I have little doubt that Illinois Gov. Rod Blagojevich is at least as crooked as they say, and there's something repellently slimy about him. (I and others may be subject to what psychologists say is a human tendency to place more blame and assume more guilt the higher-up an alleged malefactor is in the political pyramid.) But I confess to a sneaking admiration for the way he has outmaneuvered those who have sought to distance themselves from him, and he has made the leaders of the Senate look ridiculous, which is always welcome.

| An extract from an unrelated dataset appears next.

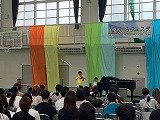 IMG_0395.jpg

By appointing Roland Burris, a black former state attorney general who apparently isn't tainted with scandal, he has provoked a latent threat from Senate Majority leader Harry Reid not to seat him. But in this case Blago has the law on his side. He has sole authority to appoint the successor when a senate seat is empty. He may be sleazy, but while he was arrested and charged, he hasn't even been indicted yet. He is legally considered innocent until proven guilty beyond a reasonable doubt -- and the case against him might not be that easy to make despite those sinister-sounding wiretap recordings. He hasn't been impeached, and despite the atmosphere in Springfield, that isn't even a sure thing. So there's no remotely legal reason not to seat his appointee.
So Harry Reid has pushed himself into a corner from which he can't emerge without backing away. His knee-jerk reaction was ill-considered and without legal basis. Fun stuff.